NFU, ASA Comment on Farm Bill Principles

Published online: Jan 31, 2018 News
Viewed 1548 time(s)

Source: The Fence Post

The National Farmers Union, the American Sugar Alliance and Marion Nestle, the New York University nutrition professor, have commented on the farm bill principles released Jan. 24 by Agriculture Secretary Sonny Perdue.

National Farmers Union President Roger Johnson, who recently called for a bigger budget for the farm program, expressed disappointment that Perdue did not call for more spending.

In its newsletter, NFU said "The four-page document is fairly broad, providing a handful of bullet points for various aspects of the farm bill. Unfortunately, the USDA did not acknowledge a need for increased funding to adequately support our nation's food system."

"We need to be focused on bolstering farm safety net programs that protect producers when times get tough, and in this farm economy, that takes more money," Johnson said. "Unfortunately, USDA's proposals seem to suggest they aren't in favor of putting more money in the farm bill."

Perdue did not mention any specific commodities in the proposal, but the American Sugar Alliance, which represents cane and beet growers, said in a news release Jan 25, "While there will likely be disagreement on some of the principles, it's hard to argue with the USDA that Congress should 'provide a farm safety net that helps American farmers weather times of economic stress.' Talk of a strong domestic farm policy is music to sugar farmers' ears as they deal with Mother Nature's wrath and a low-price market."

"It's getting harder to make a living in sugar. Production costs keep going up, but sugar prices have barely budged in decades," said Leonard Simmons, a cane farmer from San Benito, Texas. "Hawaii recently stopped growing sugar because of this economic squeeze, and I fear Texas won't be far behind if U.S. sugar policy is weakened."

The sugar program sets a floor price for sugar and operates without taxpayer cost except when prices are unusually low.

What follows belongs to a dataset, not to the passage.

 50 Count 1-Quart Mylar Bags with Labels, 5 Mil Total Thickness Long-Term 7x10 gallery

"If sugar is not profitable, farmers lose more than our farms. We lose our businesses, our investments and our local economies," said Galen Lee, a Plymouth, Idaho, sugar producer who is the president of the American Sugarbeet Growers Association.

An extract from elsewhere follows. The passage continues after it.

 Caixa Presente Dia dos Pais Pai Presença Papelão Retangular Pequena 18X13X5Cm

Lee and Simmons are hopeful that lawmakers will resist calls to essentially cut sugar farmers out of the farm bill.

"After all, a strong domestic sugar industry will be important to rebuilding the rural economy, as President Trump has promised, and to achieving Agriculture Secretary Sonny Perdue's overarching goal to 'do right and feed everyone,'" they said.

Nestle said in her blog post Thursday that the principles show that USDA "supports legislation that will do a great many things for farm production, conservation, trade, food and nutrition services, marketing, food safety, research and education, and natural resources."

But she asked "Where is a vision for a farm bill that promotes health, sustainable agriculture, and small or mid-size farms, protects farm workers and reduces greenhouse gases?"

Of Perdue's principles on the Supplemental Nutrition Assistance Program (SNAP), Nestle asked how USDA will define who is "truly in need," where jobs to satisfy work requirements will come from and contended that the concern about fraud and abuse "means spending millions of dollars a year on fraud prevention."

Of Perdue's statement about the need to "assure the scientific integrity of the Dietary Guidelines for Americans process through greater transparency and reliance on the most robust body of scientific evidence," Nestle asked, "Weren't they always based on the available science? This sounds like a way to prevent the guidelines from suggesting eating less of junk foods."